● Task brief
Exact reproduction, images excluded: write out the records below.

*** Entries shown ***

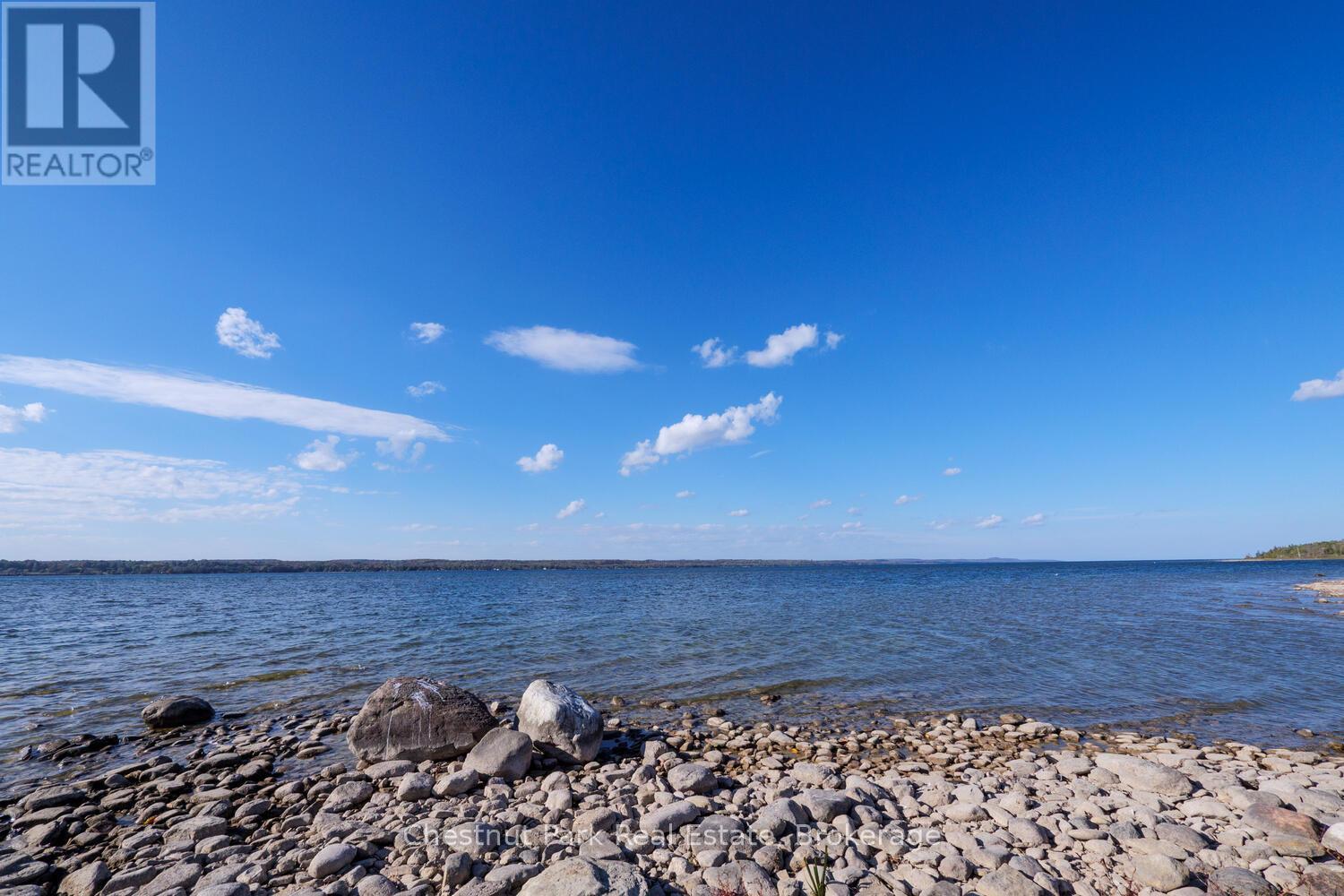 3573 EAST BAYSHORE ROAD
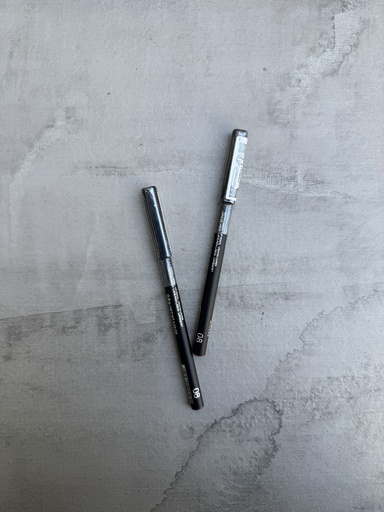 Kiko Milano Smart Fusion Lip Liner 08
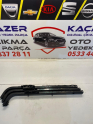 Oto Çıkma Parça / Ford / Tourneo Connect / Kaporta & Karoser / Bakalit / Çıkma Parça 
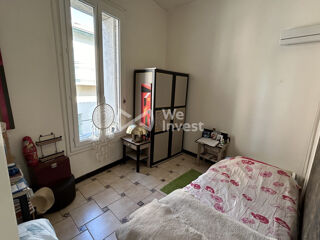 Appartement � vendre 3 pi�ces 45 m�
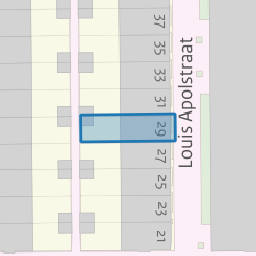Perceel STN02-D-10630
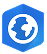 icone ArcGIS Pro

*** End of Entries shown ***

● Expected answer
 3573 EAST BAYSHORE ROAD
 Kiko Milano Smart Fusion Lip Liner 08
 Oto Çıkma Parça / Ford / Tourneo Connect / Kaporta & Karoser / Bakalit / Çıkma Parça 
 Appartement � vendre 3 pi�ces 45 m�
Perceel STN02-D-10630
 icone ArcGIS Pro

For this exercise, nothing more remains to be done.